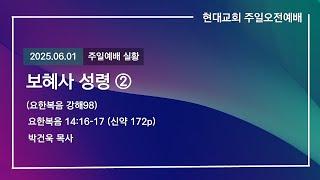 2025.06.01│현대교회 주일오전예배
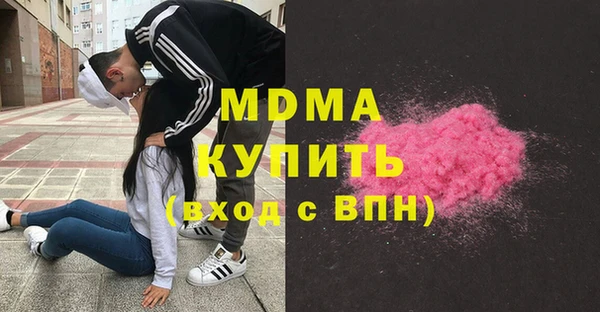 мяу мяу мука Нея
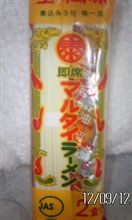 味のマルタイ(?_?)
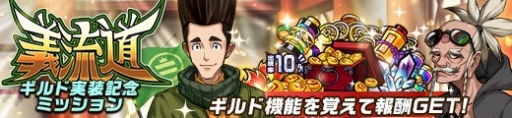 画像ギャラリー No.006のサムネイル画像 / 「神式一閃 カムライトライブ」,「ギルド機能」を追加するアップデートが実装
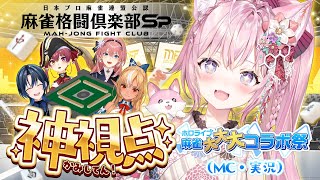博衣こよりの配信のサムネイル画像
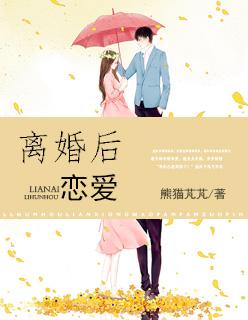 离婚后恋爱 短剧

Task to complete: Without the pictures, transcribe the lines from the one containing "мяу мяу мука Нея" through the end of the data, exactly and only those.

Output:
 мяу мяу мука Нея
 味のマルタイ(?_?)
 画像ギャラリー No.006のサムネイル画像 / 「神式一閃 カムライトライブ」,「ギルド機能」を追加するアップデートが実装
博衣こよりの配信のサムネイル画像
 离婚后恋爱 短剧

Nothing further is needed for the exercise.